Cal Poly

Mustangs looking forward to postseason game

The Cal Poly men’s basketball program anticipated being invited to a postseason tournament if plans to win an automatic bid to the NCAA Tournament by taking the Big West Tournament title fell through.

Athletic director Don Oberhelman and head coach Joe Callero weighed the pros and cons of playing in a lesser-prestigious tournament as the regular-season wound down, and representatives from both the College Basketball Invitational and the College Tournament reached out to the Mustangs before the start of the Big West Tournament last Thursday.  

Callero had conversations with seniors Dylan Royer, Drake U’u and Chris O’Brien about the chances Cal Poly could get to extend the season. 

But even knowing the possibilities, the mustaches Royer and U’u had grown in anticipation of the conference tournament — inspiring replicas worn throughout the stands at Honda Center — were shaved off before the Mustangs even got on the bus to return home following Saturday’s 55-53 semifinal loss to eventual champion Pacific. 

“I was going to do it anyway,” Royer said. “The whole point of keeping it was because we were winning. So, as soon as we lost, basically an hour after the game, it was gone.” 

Cal Poly was hot down the stretch. The Mustangs won six in a row before the loss to the Tigers, and entered the semifinal having won nine of their past 10.

Cal Poly accepted a bid to the CIT, where it will play an even hotter team that also had some bad luck in the conference tournament. 

The Mustangs (18-13) will travel to Big Sky Conference runner-up Weber State (26-6), which had won 13 straight before losing 67-64 in the conference tournament final against regular-season champion Montana. 

The Wildcats lost guard Damian Lillard, who was picked sixth overall by the Portland Trail Blazers in last summer’s NBA Draft, but Weber State was still a statistical juggernaut in the Big Sky. 

The Wildcats led the conference in scoring offense (75.7 points per game) and defense (61.5 ppg).
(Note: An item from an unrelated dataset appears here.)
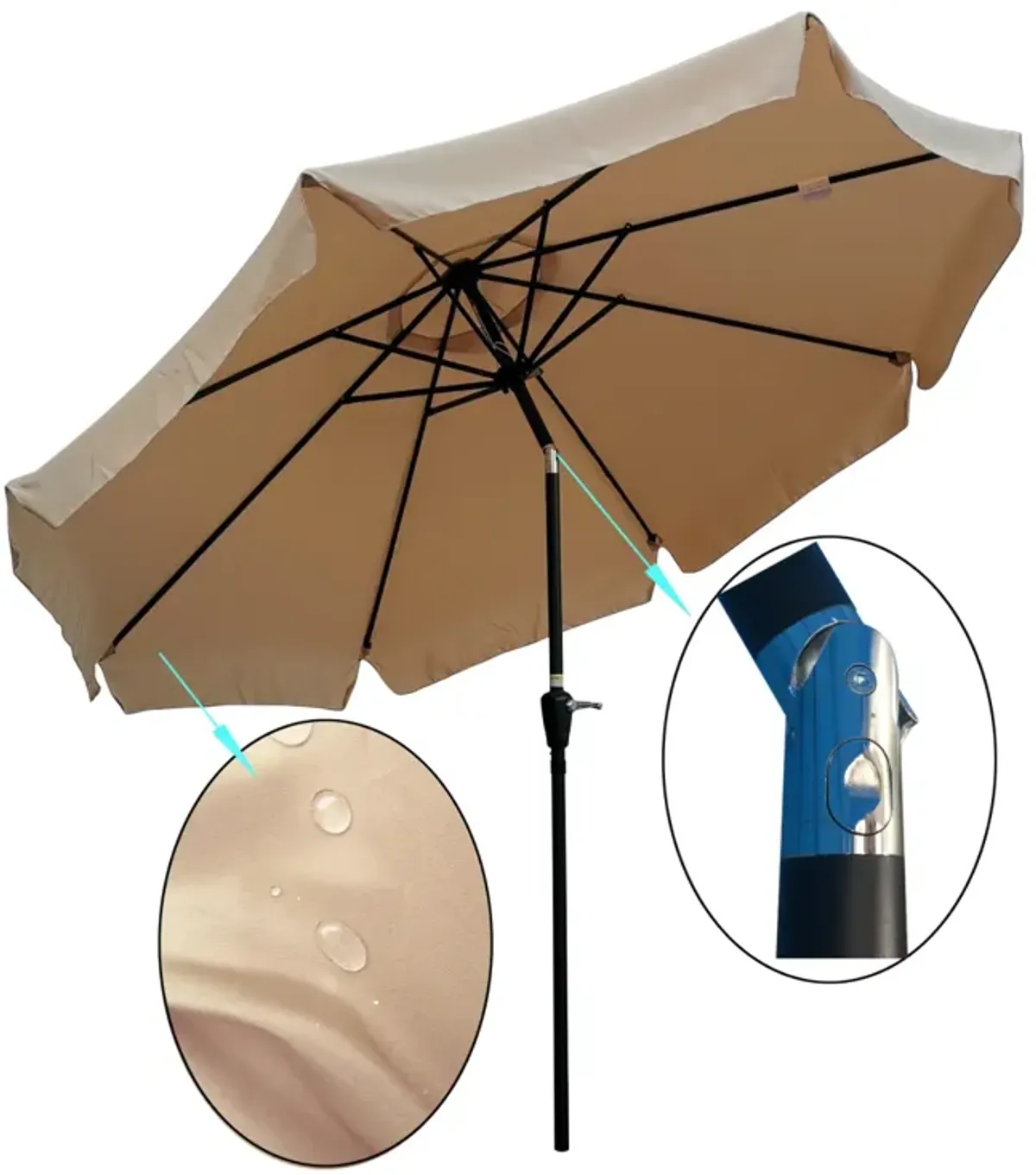 10 FT Patio Umbrella Market Round Umbrella Outdoor Garden Umbrellas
They were also tops in rebounding, field goal percentage offense and defense and 3-point percentage, where they came into the week ranked second in the country converting 41.9 percent from beyond the arc. 

“They don’t have a weakness,” Cal Poly head coach Joe Callero said. “The key is that we’re going to have to play, I wouldn’t say nearly a perfect game, we’re going to have to play a game, and they’re going to have to slip up and not play well. 
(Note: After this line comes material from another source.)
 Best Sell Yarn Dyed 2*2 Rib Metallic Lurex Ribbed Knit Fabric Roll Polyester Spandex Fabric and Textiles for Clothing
“They have five really good players. They don’t have a Damian Lillard that’s going to be another first-round draft pick right now. It’s a really well-balanced, well-organized, experienced and confident team.”

Should the Mustangs beat Weber State, which has the best record of any CIT team, it’s still unlikely that Cal Poly would host a game at Mott Gym. 

Oberhelman said it makes more financial sense for the program to play on the road because home teams must negotiate financial guarantees paid to the tournament, which then provides travel accommodations for the visitors. 

Even if the Mustangs can sell out Mott Gym at close to 3,000 seats, it would be hard for Cal Poly to make money on a home game since, Oberhelman agreed, guarantee bids can average around $35,000.

One of the attractive aspects to playing in the CIT was the opportunity to continue to play games at a low cost if the Mustangs continue to win and play on the road.

The 32-team tournament, which also includes Big West Programs UC Irvine and Hawaii, is not bracketed and teams are matched up on a round-by-round basis. 

“It’s the best move for us,” Oberhelman said, “and just the opportunity to keep playing is good. 

“It gives us a little bit of a kickstart on the following season. That’s how I’m kind of looking at this one.”

As it is, Cal Poly is playing in its first national postseason tournament, and with two more victories would break the program record for wins in a season. 

“We would like to be in a slightly different tournament,” Royer said, “but at this point, any tournament is history. Any time you can be a part of history, we’re definitely grateful for that opportunity.”